The present invention relates to a method for growing a nitride semiconductor (InxAlyGa1xe2x88x92xxe2x88x92yN, 0xe2x89xa6X, 0xe2x89xa6Y, X+Yxe2x89xa61), and particularly to a method for growing a nitride semiconductor which can be used to make a nitride semiconductor substrate.
Recently various researches have been conducted on the growth of nitride semiconductor on a substrate made of a different material such as sapphire, spinel or silicon carbide which has a lattice constant different from that of the nitride semiconductor.
For example, a method of growing epitaxial lateral overgrowth GaN (ELOG) is described in JPN. J. Appl. Phys., vol. 37 (1998), pp. L309-L312, wherein nitride semiconductor having lower density of dislocations is obtained by forming a protective film of SiO2 or other material partially on a nitride semiconductor which has been grown on the C plane of sapphire, and growing nitride semiconductor thereon under a reduced pressure of 100 Torr.
In the ELOG growing process, nitride semiconductor having reduced dislocation defects can be formed on the protective film by intentionally growing the nitride semiconductor laterally on the protective film. When the nitride semiconductor grows, dislocation occurs and grows only in a window portion of the protective film.

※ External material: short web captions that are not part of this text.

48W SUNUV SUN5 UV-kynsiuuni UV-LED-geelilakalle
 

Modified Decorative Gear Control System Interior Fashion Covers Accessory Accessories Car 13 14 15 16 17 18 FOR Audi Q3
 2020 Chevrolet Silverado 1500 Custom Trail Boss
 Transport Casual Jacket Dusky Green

However, in case the protective film of SiO2 or the like has wide stripe width, lateral growth of the nitride semiconductor on the protective film does not fully proceed eventually resulting in abnormal growth.
In addition, in case the nitride semiconductor is grown laterally by vapor phase deposition process, while two nitride semiconductor films which grow laterally from the nitride semiconductor exposed on both sides of the protective film meet and join with each other at the center of the protective film, dislocations concentrate locally at the joint. This is partly due to the fact that the front surface of the nitride semiconductor is tilted while growing laterally on the protective film of SiO2 or the like. In case a device layer is formed by epitaxial growth on a nitride semiconductor substrate such as the above, microscopic pits are likely to be generated in the joint where the dislocations are concentrated. The pits are generated by the dissociation of nitrogen in the process of heating the substrate for the purpose of growing the device layer. The pits grow larger as the epitaxial growth is continued.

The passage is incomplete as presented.